Что же происходит век спустя у нашего современника Владимира Маканина? Для  него герой, о котором писали русские авторы XIX в., оказывается ныне последовательно «раздет», лишен всяких метафизических покровов и устремлений (эссе «Одна из возможных точек зрения на нынешний роман»). В романе «Андеграунд, или Герой нашего времени», самим своим названием и всем содержанием «заточенным» на острый спор с русской классикой, Маканин выводит нам такого «неодетого» героя – бывшего андеграундного писателя Петровича, бросившего писать, ибо литература теперь уже не нужна обществу, она стала «художественной абстракцией», Федор Михайлович побеждает уже только «внутри своего текста», но не в жизни нынешних людей.  Современный человек ходит через черту, разделяющую добро и зло, без всякой рефлексии, туда-сюда, «как на службу, а потом домой». Кошмарным образом этого мира служат падающие каждый вечер на дворе тополя – «корни уже не могут их держать».  «Ренессансный человек» – как он сам себя иронически именует – Петрович  готов допустить существование Бога, но убежден, что Ему нет дела до людей, до их добрых или злых поступков. Он верит и в бессмертие, но делает из этого такой вывод: «Если есть бессмертие, все позволено», ибо ценит собственное существование превыше всего. В упомянутом выше эссе Маканин пишет, что в результате «раздевания» герой устремляется к своей первооснове – «к голой, обнаженной сущности героя античной драмы». Таким героем и предстает в романе Петрович (многократно и настойчиво называющий сам себя «козлом»), для которого вне собственной личности остался только один идол – Русская литература, да и то «не сами даже тексты, а их высокий отзвук».
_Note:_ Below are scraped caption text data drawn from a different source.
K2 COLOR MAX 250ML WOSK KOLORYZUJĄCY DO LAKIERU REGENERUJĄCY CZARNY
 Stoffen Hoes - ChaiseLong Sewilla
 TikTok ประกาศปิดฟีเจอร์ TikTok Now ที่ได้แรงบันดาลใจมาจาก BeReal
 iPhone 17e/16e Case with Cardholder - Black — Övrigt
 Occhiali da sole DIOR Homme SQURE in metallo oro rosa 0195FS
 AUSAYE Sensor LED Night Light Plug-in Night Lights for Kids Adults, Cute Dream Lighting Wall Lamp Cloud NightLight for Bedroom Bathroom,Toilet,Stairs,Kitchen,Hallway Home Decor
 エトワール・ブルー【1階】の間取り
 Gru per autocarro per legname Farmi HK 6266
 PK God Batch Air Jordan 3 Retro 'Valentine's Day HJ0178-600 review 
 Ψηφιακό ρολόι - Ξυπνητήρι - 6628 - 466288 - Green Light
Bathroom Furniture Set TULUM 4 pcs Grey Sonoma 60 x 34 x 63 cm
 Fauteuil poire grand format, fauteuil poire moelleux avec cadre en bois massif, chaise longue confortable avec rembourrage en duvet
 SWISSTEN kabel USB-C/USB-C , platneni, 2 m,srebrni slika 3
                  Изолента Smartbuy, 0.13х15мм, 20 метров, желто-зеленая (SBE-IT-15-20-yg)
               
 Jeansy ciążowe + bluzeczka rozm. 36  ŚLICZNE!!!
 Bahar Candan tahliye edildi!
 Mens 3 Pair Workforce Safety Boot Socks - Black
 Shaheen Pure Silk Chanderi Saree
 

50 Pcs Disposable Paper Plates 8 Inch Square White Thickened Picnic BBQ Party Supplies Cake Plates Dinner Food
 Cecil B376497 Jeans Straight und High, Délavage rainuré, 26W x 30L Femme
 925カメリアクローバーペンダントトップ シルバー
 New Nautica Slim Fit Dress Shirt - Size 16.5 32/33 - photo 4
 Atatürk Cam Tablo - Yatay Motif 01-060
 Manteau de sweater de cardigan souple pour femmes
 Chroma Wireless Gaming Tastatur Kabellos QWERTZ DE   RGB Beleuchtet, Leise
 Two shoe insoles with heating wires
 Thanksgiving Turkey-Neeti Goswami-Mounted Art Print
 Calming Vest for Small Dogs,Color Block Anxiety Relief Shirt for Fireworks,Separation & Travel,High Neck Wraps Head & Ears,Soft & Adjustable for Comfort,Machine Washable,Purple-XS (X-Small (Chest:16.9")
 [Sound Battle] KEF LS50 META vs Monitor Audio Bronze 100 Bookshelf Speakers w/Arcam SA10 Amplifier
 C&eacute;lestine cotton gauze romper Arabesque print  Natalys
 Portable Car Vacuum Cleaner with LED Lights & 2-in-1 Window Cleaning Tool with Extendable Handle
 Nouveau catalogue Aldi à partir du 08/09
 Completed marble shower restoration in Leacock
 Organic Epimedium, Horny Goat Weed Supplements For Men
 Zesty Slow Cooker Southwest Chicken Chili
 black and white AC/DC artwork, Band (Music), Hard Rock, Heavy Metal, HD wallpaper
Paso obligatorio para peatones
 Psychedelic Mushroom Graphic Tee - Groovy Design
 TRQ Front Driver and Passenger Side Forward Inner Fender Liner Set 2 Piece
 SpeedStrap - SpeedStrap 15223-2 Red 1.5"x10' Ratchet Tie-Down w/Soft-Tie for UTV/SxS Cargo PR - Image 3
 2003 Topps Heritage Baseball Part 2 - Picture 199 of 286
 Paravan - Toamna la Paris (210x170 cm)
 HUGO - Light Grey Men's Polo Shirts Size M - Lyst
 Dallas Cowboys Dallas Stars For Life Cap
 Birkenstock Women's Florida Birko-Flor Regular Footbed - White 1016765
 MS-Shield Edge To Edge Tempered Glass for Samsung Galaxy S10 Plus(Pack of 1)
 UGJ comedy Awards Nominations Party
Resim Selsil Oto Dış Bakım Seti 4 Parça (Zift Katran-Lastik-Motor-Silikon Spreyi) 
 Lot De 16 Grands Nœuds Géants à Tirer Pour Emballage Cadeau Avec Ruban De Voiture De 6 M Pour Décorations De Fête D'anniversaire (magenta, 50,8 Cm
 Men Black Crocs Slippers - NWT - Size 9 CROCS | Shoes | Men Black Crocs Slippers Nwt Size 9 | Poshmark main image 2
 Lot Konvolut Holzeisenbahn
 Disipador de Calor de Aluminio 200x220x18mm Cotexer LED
А в последнем большом произведении Маканина, романе «Две сестры и Кандинский», тяга к единению людей – это тяга бывших стукачей, доносчиков советского времени, вернуться к людям, признавшись (но не покаявшись), и даже подружиться с теми, на кого они доносили.

Но не будем забывать, что голос Петровича – это все-таки голос из «подполья», а полтора столетия назад «Записки из подполья» предшествовали «великому пятикнижию» (имею здесь в виду не траекторию творческого пути Маканина, а путь движения человеческого духа), что «античная драма» – это все-таки очередное начало, а не конец, что сам Маканин писал о не погибающем даже в аду чеченской войны благородстве человеческого духа в романе «Асан», и что в финале «Двух сестер…» звучит: «В России надо жить долго», а в путь обязательно отправляться «на дорассвете».

Литература

Бахтин 2002–2012 – Бахтин М.М. Собрание сочинений в шести томах. М., 2002 – 2012.

Достоевский 1972–1990 – Достоевский Ф.М. Полное собрание сочинений в тридцати томах. Л., 1972–1990.

Катарсис 2007 – Катарсис: метаморфозы трагического сознания. Сост. и общая ред.: проф., доктор филос. наук В.П. Шестаков. СПб., 2007.

Львова 2010 – Львова И.В. «Битнический миф» о Достоевском // Достоевский. Материалы и исследования. Т. 19. СПб., 2010.

Ницше 2005 – Ницше Ф. Рождение трагедии из духа музыки. СПб., 2005.

Пискунова 1998 – Пискунова С.И. «Дон Кихот» Сервантеса и жанры испанской прозы XVI-XVII веков. М., 1998.

Шиллер 1957 – Шиллер Ф. О наивной и сентиментальной поэзии // Шиллер Ф. Собрание сочинений в семи томах. Т. 6. М., 1957.



*Здесь и далее во всех цитатах слова, подчеркнутые автором цитаты, даются курсивом, выделенные автором данной статьи – полужирным шрифтом.